Part III concludes by examining various aspects of the claim that CIL contains the aforementioned meta-rules. As for CIL as a source, Part III, following up on Part II, specifically argues for the suitability of CIL as source of meta-rules on sources, given CIL’s unique potential for creating rules universally applicable. As to the possibility of CIL meta-rules, Part III, building on Part I’s denial of claims of circularity, explores and addresses those issues, as particularly raised in relation to CIL (including in earlier literature, like Strupp). As for the nature and content of CIL meta-rules on sources, Part III discusses the somewhat limited body of literature supportive of the role of CIL as regulating sources of international law, with a particular focus on the work of Henkin, Reuter, Sur and Weil.

1.0.4 / Romel Regalado Bagares
Enkapsis and the Development of Customary International Law: A Dooyeweerdian Approach

This essay draws from the work of the late Dutch Christian philosopher Herman Dooyeweerd (1894-1977), former chair of jurisprudence and the history of Dutch law at the Vrije Universiteit Amsterdam (1926-1964), to construct an account of customary international law. Rejecting an account of the state as the sole lawmaker, he proffers a pluralist ontology founded on the philosophical principle sovereinteit in eigen kring (sphere sovereignty) as a source of diverse structural-material principles for legal or jural positivization. Here, there are three inter-related elements: first, is his notion of individuality-structures (entities), which give rise to law unique to their particular practice 15 or sphere (entities as rule complexes, each sovereign in its own orbit, exhibiting a differentiated responsibility unique to its nature). Second is the various ways in which they engage in relations of enkapsis or enkaptic interlacements – resulting in complex intertwinements of the formal and the material sources of law with profound implications on the private-public (law) distinction. Third is his modal theory of the jural aspect, which is one of the irreducible yet interconnected universal multi-dimensional modes or aspects of reality, and through which entities and enkapses are viewed and understood as legal phenomena.

In summary, his theory of the sources of law states:

All law displaying the typical individuality structure of a particular community of inter-individual or inter-communal relationship, in principle falls within the material-jural sphere of competence of such a societal orbit, and is only formally connected (in its genetic form) with spheres of competence of other societal orbits.

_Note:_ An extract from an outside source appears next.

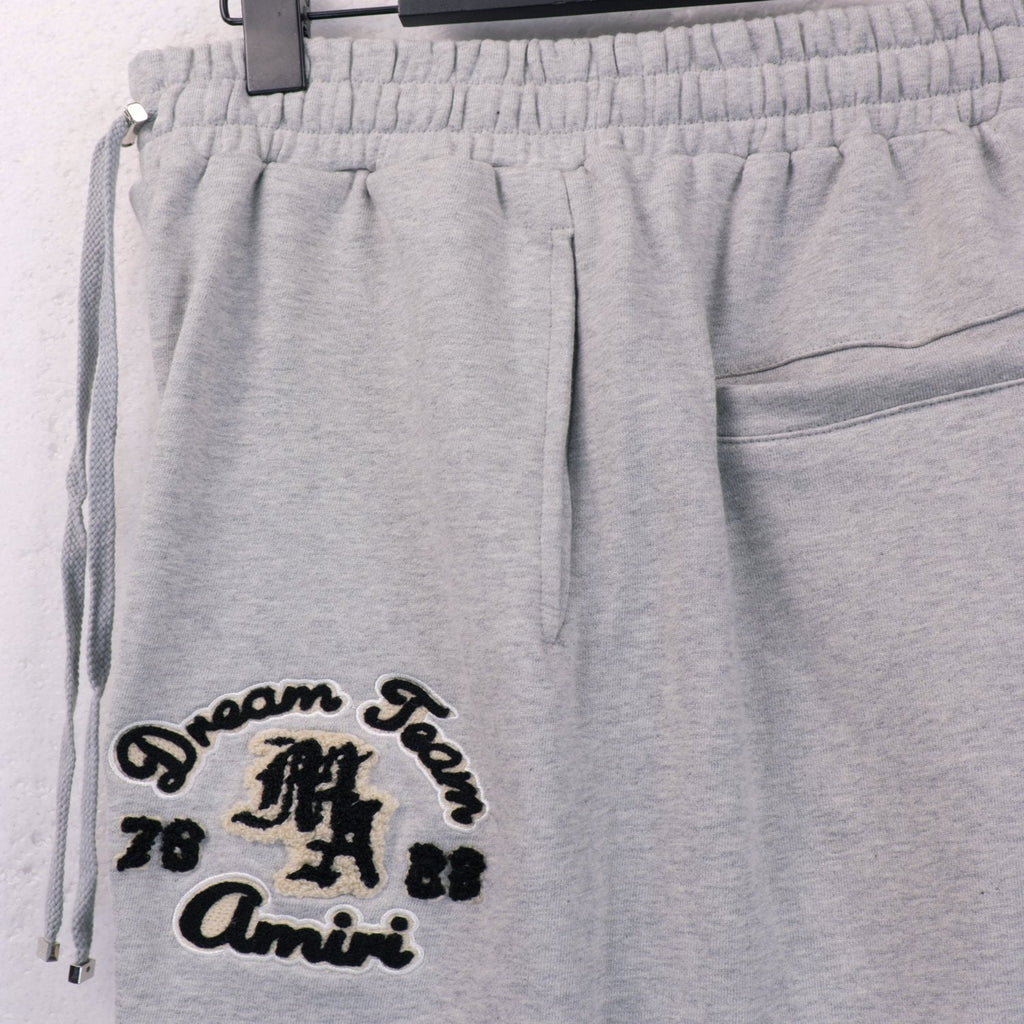 AMIRI Embroidered Leg Graphic Sweatpants — front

Through enkapsis, different sources of law display a mutual interrelationship that bind and limit without altogether canceling one another. For Dooyweerd, insight into the nature of enkapsis,

appears to be of fundamental importance for the theory of human society because, in current conceptions, the difference in principle between sphere sovereignty and autonomy is consistently misunderstood.

This insight has a fundamental bearing on any theory of the sources of law,

because it is only by making a sharp distinction between the internal sphere sovereignty of radically different societal structures (such as for example, state, church, and business organization) and the autonomy of parts of one and the same societal whole (such as, for example, municipality and province within the state) can proper jural insight be obtained into the mutual relationship of the original material spheres of competence with respect to the area of law formation.

Thus, a formal source or genetic form of law posivitizing jural principles may be an original source of law in one sphere of competence but may be a derived source of law in another.

Applying his theory, customary international law is a formal source of law; that is, a genetic form or mode of generating international law. But its material bases may lie in the particular enkaptic interlacements involved. Further, as a formal source exhibiting the duality of norms in international law, a treaty may be a codification of norms that exist independently as custom, but it may at the same time display a multi-layered interlacement of structural-material principles from various sources.